_Data below_

━━━━━━━━

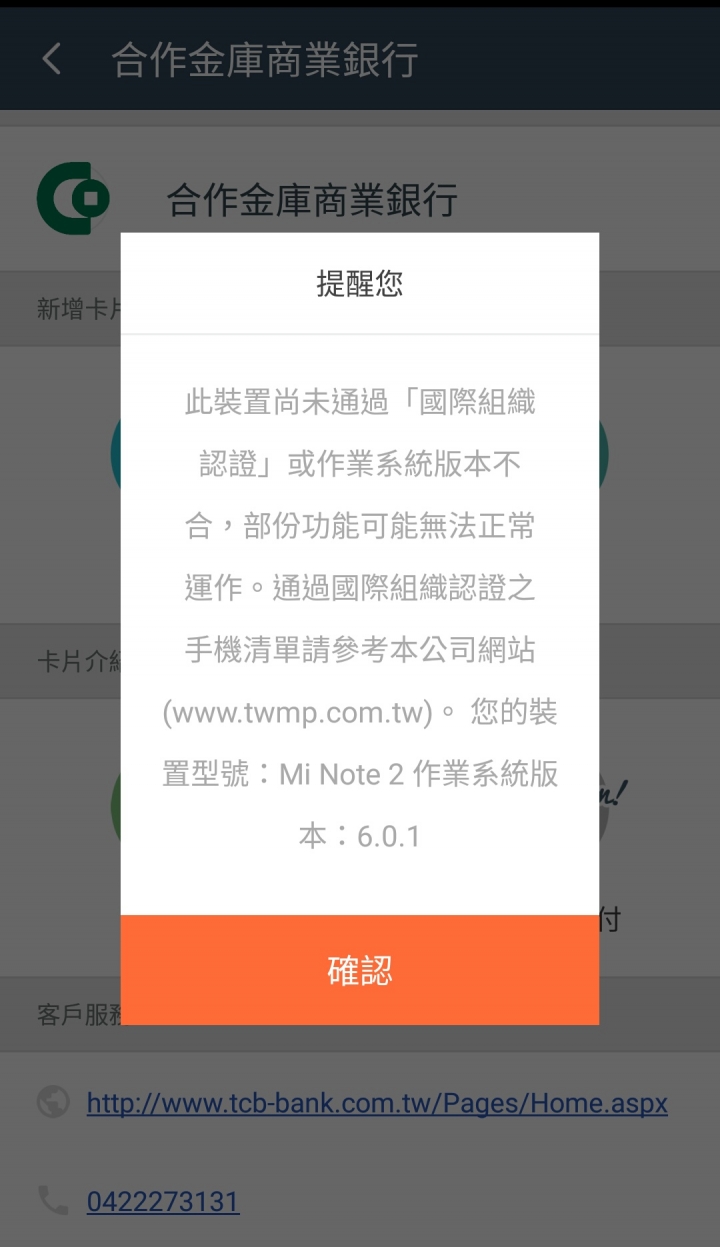 小米Note 2行動支付初體驗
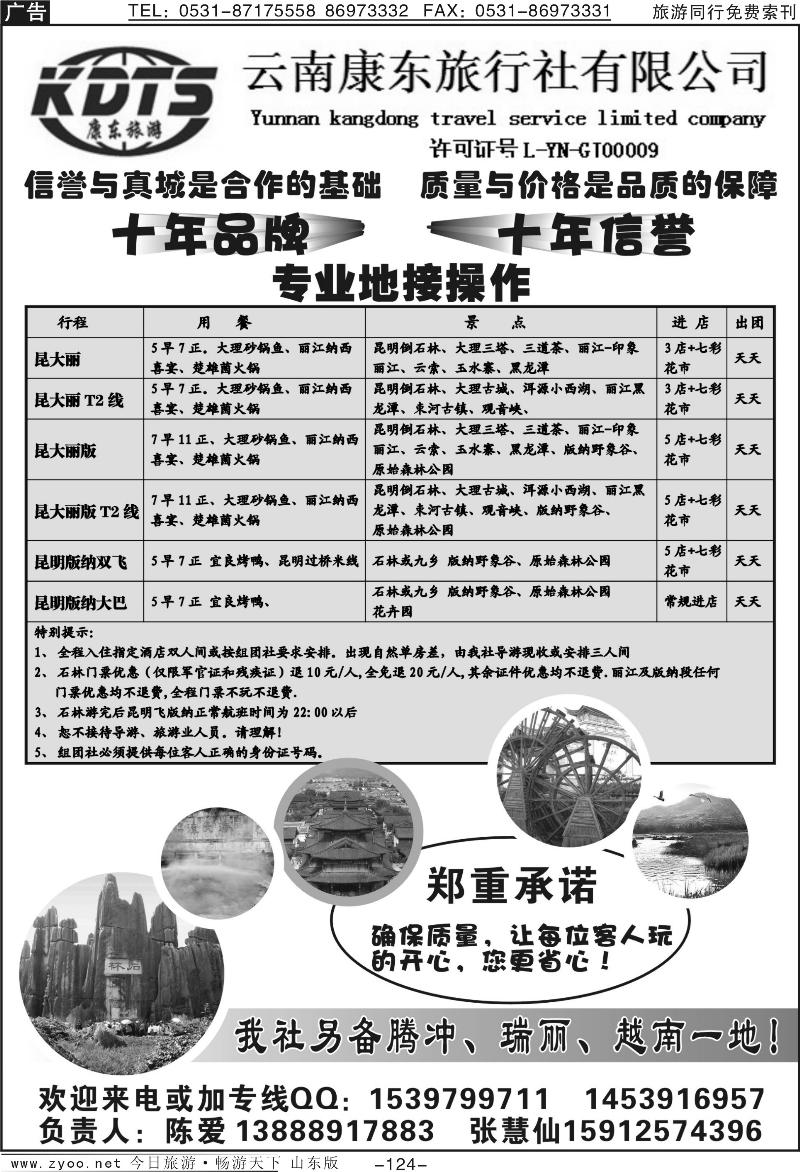 124p云南康东旅行社：专业地接操作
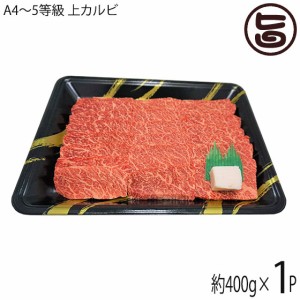 【ギフト】いわて門崎丑 A4〜A5 黒毛和牛 焼肉用上カルビ 約400g×1P 化粧箱入 ナチュラルビーフ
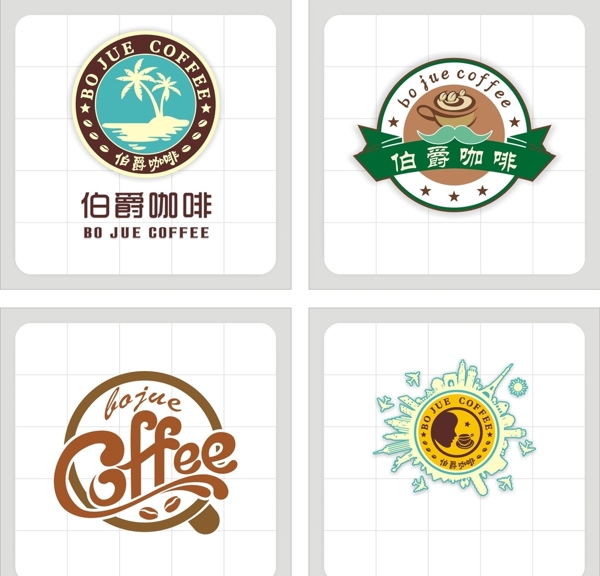 伯爵咖啡logo设计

━━━━━━━━

_Your goal_
The copy has to start at the line that contains "約400g×1P 化粧箱入 ナチュラルビーフ" and end at the last line of the material above, matching the original exactly and holding no pictures.

_Answer section_
 【ギフト】いわて門崎丑 A4〜A5 黒毛和牛 焼肉用上カルビ 約400g×1P 化粧箱入 ナチュラルビーフ
 伯爵咖啡logo设计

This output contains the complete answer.